#NZLEAD RECAP: Employment Branding

Your employment brand includes everything from your people, your physical premises, your culture, and making sure candidates have a great experience through your recruitment process.  It is not just about the marketing of these things though. Having an external brand that reflects the internal message is crucial.

If your brand is not consistent with your internal culture then this mismatch can create more problems than it is worth. The consequence of this can be high turnover with new employees and low engagement with existing employees. Your current employees could also consider it a bit of a farce and this is not great for your reputation, particularly if you don’t have the best internal culture.  Flip that over though, you can also have a great internal culture but are not leveraging it to its full potential.

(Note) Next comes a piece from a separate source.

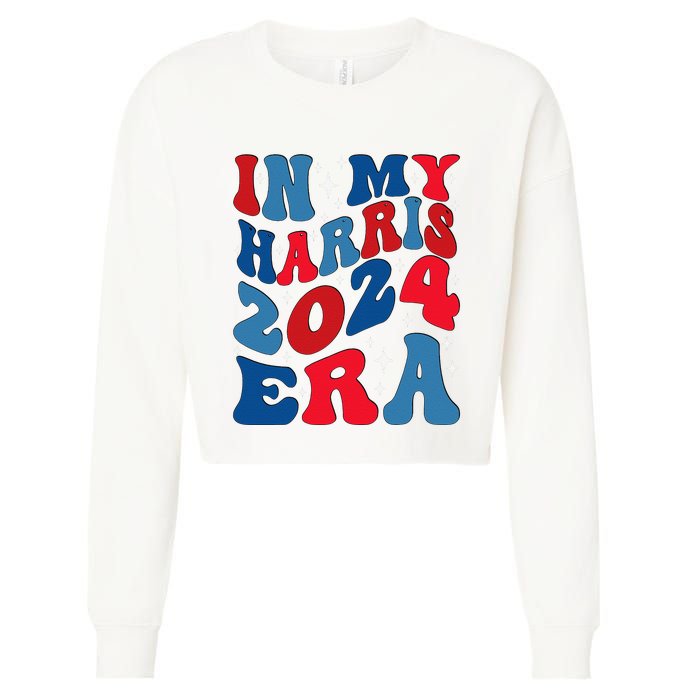 Vote For Democracy Vote Kamala Harris In My Harris Era 2024 Cropped Pullover Crew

So how do you create congruence between your internal culture and your external brand? Well you can partner with marketing or take this on yourself (add another skill to the already wide HR repertoire?). But do this to add flare to what you already have rather than create unrealistic spin. You don’t have to be too out there. Own your brand, and keep it authentic and transparent.

One of the ways to create transparency is to give potential candidates greater access to your organisation throughout the recruitment process. Let them see what your organisation is really like, warts and all, before making a decision. Having a good internal culture is a good start (you can read the blog on LikeMinds on this topic here).

Unsuccessful job candidates can also be brand ambassadors. Consider the impact on your brand by not getting back to candidates. Lack of time and resources is not an excuse when brand value is accounted for. If you are getting too many candidates is your recruitment message the right one?

In this respect, recruiters should understand the whole business including the brand and culture and be able to accurately articulate that to potential employees.  Have you seen any examples of employers who do this really well? Or not so well?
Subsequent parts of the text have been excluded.